Licensed supervisors are currently facing a statutory review by the regulator. Trustees Executors, corporate trustee services general manager, Matthew Band, explains why the review is more than window-dressing, opening the door to a more risk-based supervisory world where providers must show, not tell…
Last week the Financial Markets Authority (FMA) renewed Trustees Executors’ (TE) supervisor licence through to 2028. Though this was pleasing in itself, the rigorous process and the additional investment that TE and other supervisors will have to make to fulfil their increased obligations, is further evidence that is consistent with the evolving regulatory landscape.
TE fully supports the additional rigour required of the funds management industry and this was underscored through the relicensing process. This is in line with the FMA’s goal to “drive continuous improvement in frontline regulation” as outlined in its 2022-23 annual corporate plan released last week.
The FMA has raised the bar on compliance and oversight standards for the “proactive, risk-based monitoring” it expects from supervisors. This will impact the way in which supervisors monitor and interact with supervised entities such as fund managers, debt issuers and retirement villages.
So, in practical terms, what does the FMA’s increased focus on compliance mean for fund managers and their supervisors?
For a start, supervisors are now required to apply a ‘risk lens’ over all their supervised entities with closer attention to those who are at the higher end of the risk spectrum. The FMA expects supervisors to undertake greater in-depth, evidence based proactive monitoring as part of their supervisory role. This means that monitoring activities now need to be more focused on validating processes and reviewing policies and compliance plans.
This also includes understanding and documenting the control environment at supervised entities by considering the types of controls they have in place to reduce risk.
Meeting the obligations of a supervisor requires a significant increase in the work associated with supervision related activities, and much more involvement and interaction with supervised entities on all issues on the regulatory horizon.

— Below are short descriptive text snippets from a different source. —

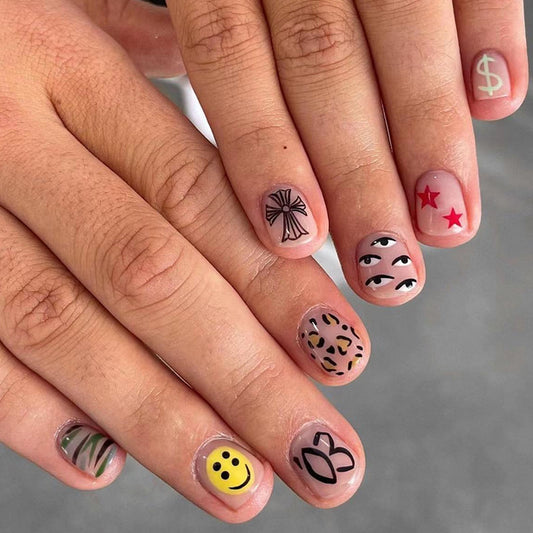 Doodling Point Short Squoval Multicolor Cartoon Press On Nails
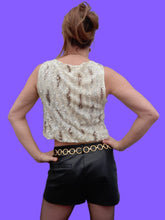 Charger l'image dans la galerie, Top vintage Salomé - A sequins nacré, écru et bronze léopard. Taille S, 36, 38. Hand made in France.
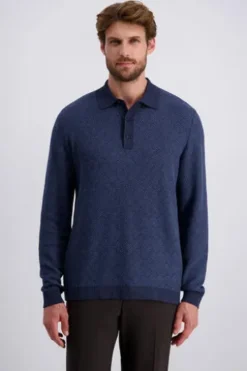 PIERRE CARDIN Strick-Polo-Pullover bering sea gemustert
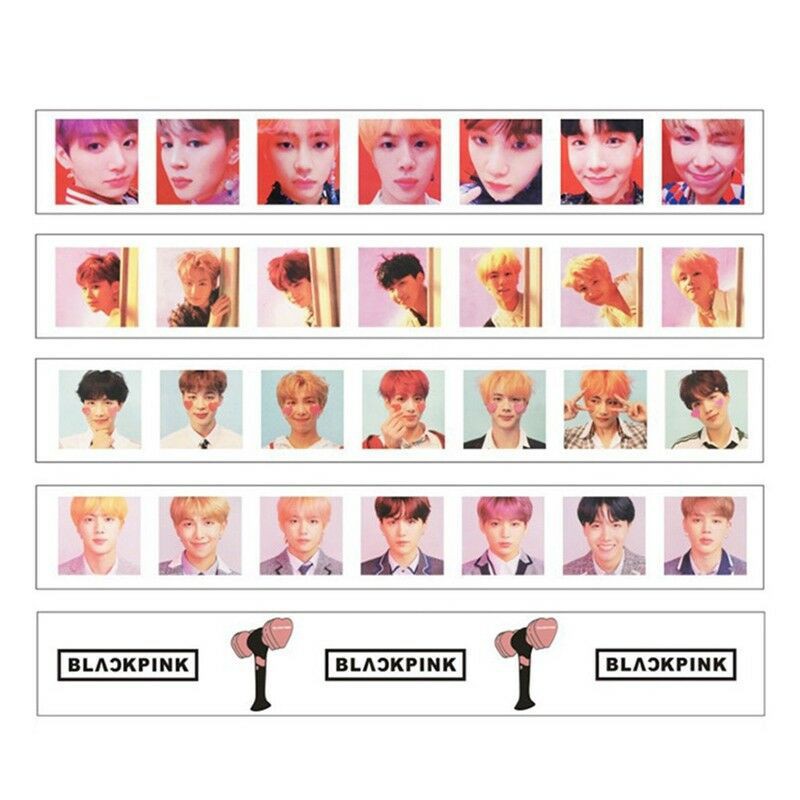 

( BTS ) Yo Yo Store KPOP BTS BLACKPINK Washi Tape Paper Maksing Cute DIY Stickers Fans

This includes (but is not limited to) considerations such as:
- Value for money assessments
- MIS sector risk assessment
- Climate-related disclosures
- Liquidity risk management for managed funds
- Cyber resilience
- Conduct and culture
- Integrated financial products
- Advertising (fair dealing)
In keeping with the ongoing focus on doing the right thing by investors, the additional oversight and interaction between supervisors and its supervised entities is an important step up for the industry.
This new ‘deep dive’ style of oversight will require supervisors to recruit additional staff with wider skill sets, including a mix of risk, compliance, assurance and auditing experience. TE will add several new roles to our Corporate Trustee Services team to meet these increased obligations. I expect other licensed supervisors to follow suit.
TE fully supports and is investing in the FMA’s “show me, don’t tell me” approach to supervision. In addition to fulfilling our role as supervisor, we are also committed to helping our supervised entities navigate and comply with the added expectations on them.
Matthew Band is General Manager of Corporate Trustee Services at Trustees Executors Limited which is a licensed supervisor overseeing funds under supervision worth more than $125 billion.